While Google has yet to reveal the exact formula it uses to rank websites (and it probably won’t), it recently revealed a new factor or “signal” used in its ranking algorithm. According to a blog post published by the Mountain View company, websites that use Secure Socket Layer (SSL) 2048-bit key certificate encryption will receive a slight boost to their ranking.
Does this mean you’ll automatically jump into the first or second spot for your target keyword by adding SSL encryption to your website? Probably not, but it’s still one more signal that Google uses to determine where and how a website should rank. Google notes that SSL encryption holds less weight than other signals, such as high-quality content, and that based on internal testing, it should impact less than 1% of global search queries.
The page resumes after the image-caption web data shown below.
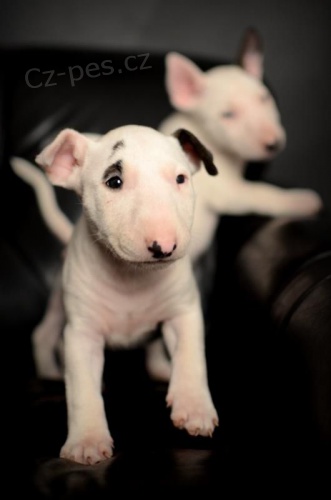 Prod�m kr�sn� �t���tka anglick�ho bulteri�ra.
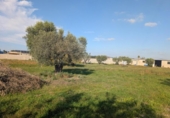Terreno no urbanizable en venta en la España, Vinaròs, ref: TR366096 foto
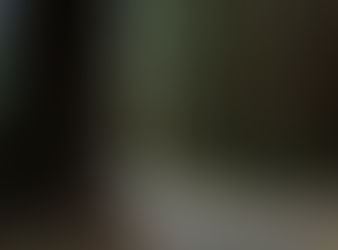 ACTION ALERT: Save the Old Growth Redwoods of Richardson Grove!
Some SEO experts have previously theorized about Google using SSL encryption as a ranking factor, but this is the first time we official confirmation about its use.
Now for the million dollar question: why is Google adding SSL encryption as a ranking signal? This certainly isn’t a shocking move to industry analysts who’ve followed Google over the past decade. The search engine giant has gradually rolled out encryption throughout all of its services, including Search, Gmail, and Drive, and has adamantly expressed the need for greater all-around security over the Internet.
Last year, it announced that all searches made through google.com would be encrypted using SSL technology. This created some commotion among webmasters and Internet marketers, as encrypted searches do not pass keyword referral data. The good news is that webmasters can still view keyword data using authorized third-party tools, as well harvesting keyword data through Google Adwords.
Of course, another possible reason why Google is now using encryption as a ranking factor is because it improves the quality of its search results. While there are always exceptions to this rule, most low-quality/spam sites do not use SSL encryption; therefore, giving encrypted sites a ranking boost should improve the quality of user searches.
“Security is a top priority for Google. We invest a lot in making sure that our services use industry-leading security, like strong HTTPS encryption by default. That means that people using Search, Gmail and Google Drive, for example, automatically have a secure connection to Google.”
“Beyond our own stuff, we’re also working to make the Internet safer more broadly. A big part of that is making sure that websites people access from Google are secure. For instance, we have created resources to help webmasters prevent and fix security breaches on their sites,” wrote Google on its Webmaster Central blog.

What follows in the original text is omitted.